Since people don’t understand that a newspaper’s reporting staff and its opinion writers are two separate entities, they end up assuming that all the coverage is slanted to the right, and therefore propaganda. It’s not—if anything, it’s a refreshing blood lust, more than any partisan agenda, that drives the Herald‘s reporting, as evidenced by its repeated and gleefully vicious hits on “Slick Mitt” Romney—but the perception sticks, leading Boston’s many shrilling lefty partisans to believe they’d be doing a disservice to the cause of liberty merely by glancing at one of its articles.
So there’s the rub: Too few people around here read papers to begin with; those who do don’t want sensationalistic trash and muckraking, and they certainly don’t want anything right-wing. Meanwhile, Boston has become more moneyed, more stable. The outsize loudmouths who used to roam the corridors of power have been replaced by a generation of much more cautious pols who are far less likely to become embroiled in a heinous scandal involving bagmen, civil service exams, or, ideally, the Combat Zone (now all condos). Adding insult to injury, crime is down.

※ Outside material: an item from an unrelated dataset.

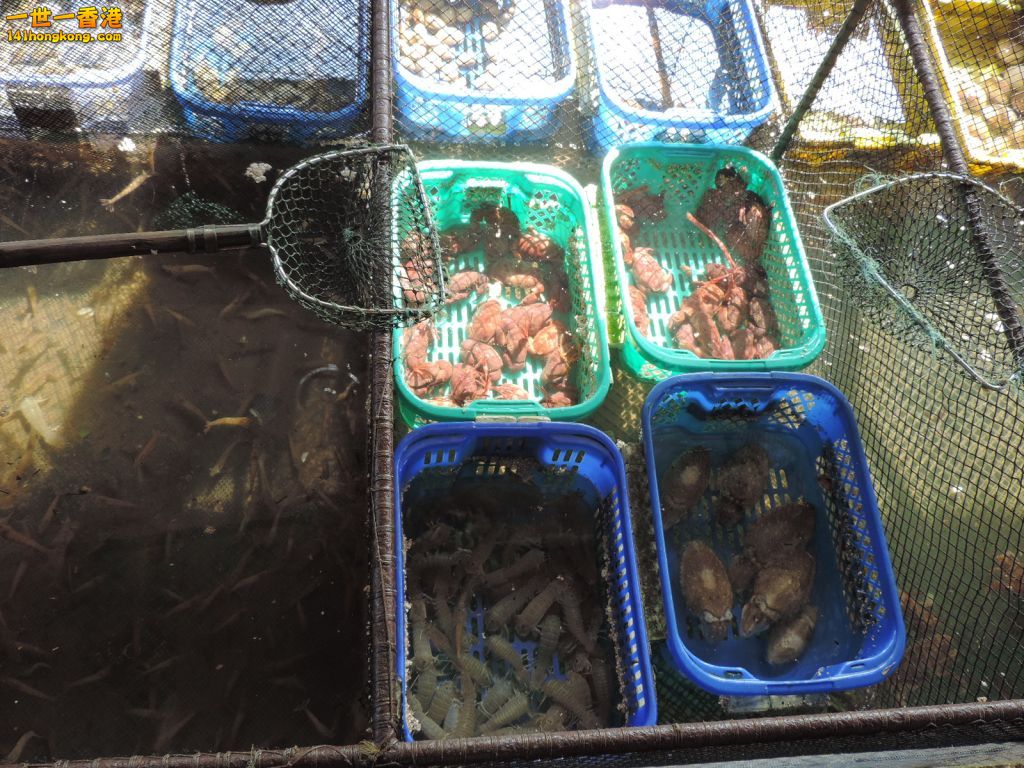 DSCN6114.JPG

Some might argue these are positives, that it’s a good thing there doesn’t seem to be sufficient evil in post-gentrification Boston to sustain a full-throated tabloid. But you have to wonder what sad juncture we will have arrived at when Bostonians of all stripes, liberal and conservative, rich and poor, young and old, will no longer be able to delight in the simple, unifying joy that is a dominatrix (allegedly!) descending into her basement “pain palace” and chopping herself up a perv.